28. History of a peripheral iridotomy/iridectomy in the inferior 180° of the iris in the study
eye.
Note: Patients with a peripheral iridotomy/ iridectomy in the superior 180° of the
iris are eligible for study entry.
29. Any history of trabeculectomy or other types of glaucoma surgery, including a glaucoma
seton or aqueous bypass stents, in either eye.
30. History of laser trabeculoplasty within 6 months prior to screening in the study eye
31. Peripheral anterior synechiae (PAS) in the inferior iridocorneal angle on gonioscopic
examination at screening in either eye (Note: limited PAS resulting from previous laser
trabeculoplasty in the fellow eye are not exclusionary)

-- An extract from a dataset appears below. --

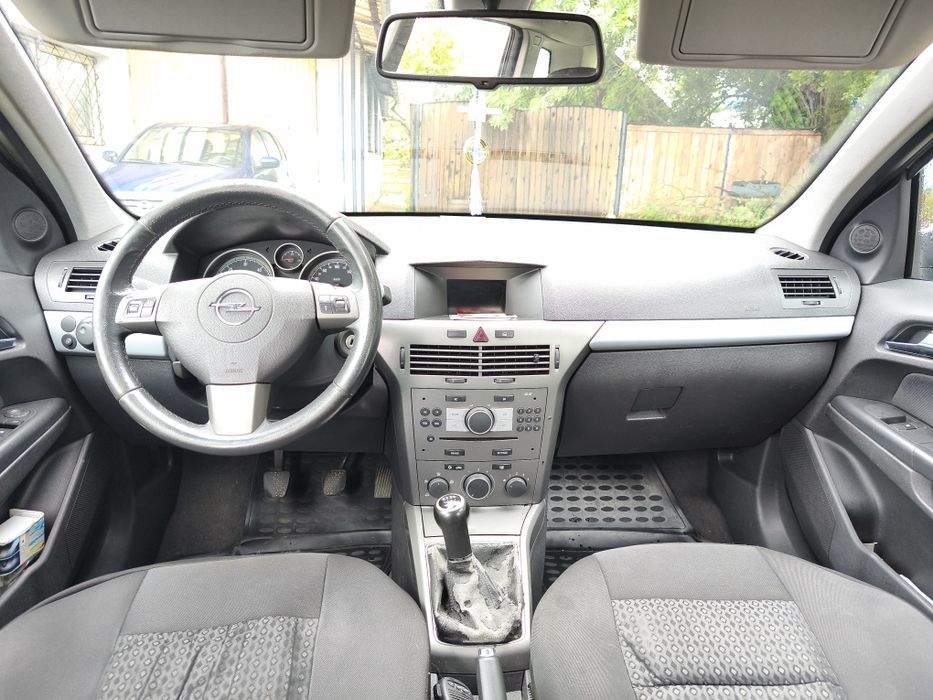 Opel Astra 1.9 CDTI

32. Visual field loss in either eye that, in the opinion of the investigator, is functionally
significant (eg, split fixation, field defect within the central 10 degrees that is visually
significant or likely to cause central visual impairment upon progression) or shows
evidence of progressive visual field loss within the year prior to Baseline (Note: Two
visual fields are required for qualification, one performed within the 10 months prior to
or at Screening, and one performed at Baseline or during the washout period using the
protocol-required testing method (see Protocol Procedure Manual). The same test
methodology should be used for all historical and study-related examinations for a given
patient.)
33. Evidence of macular edema on screening OCT evaluation or in medical history in either
eye
34. Use of any ocular corticosteroids from 2 months prior to the baseline exam or anticipated
use during the study period in either eye, except for use of postoperative topical ocular
corticosteroids from an Administration Day to Day 7 following an administration, as
described in Section 4.5.1 (Permissible Medications/Treatments)
35. Anticipated use of other topical ocular medications in either eye except as described in
Section 4.5.1 (Permissible Medications/Treatments).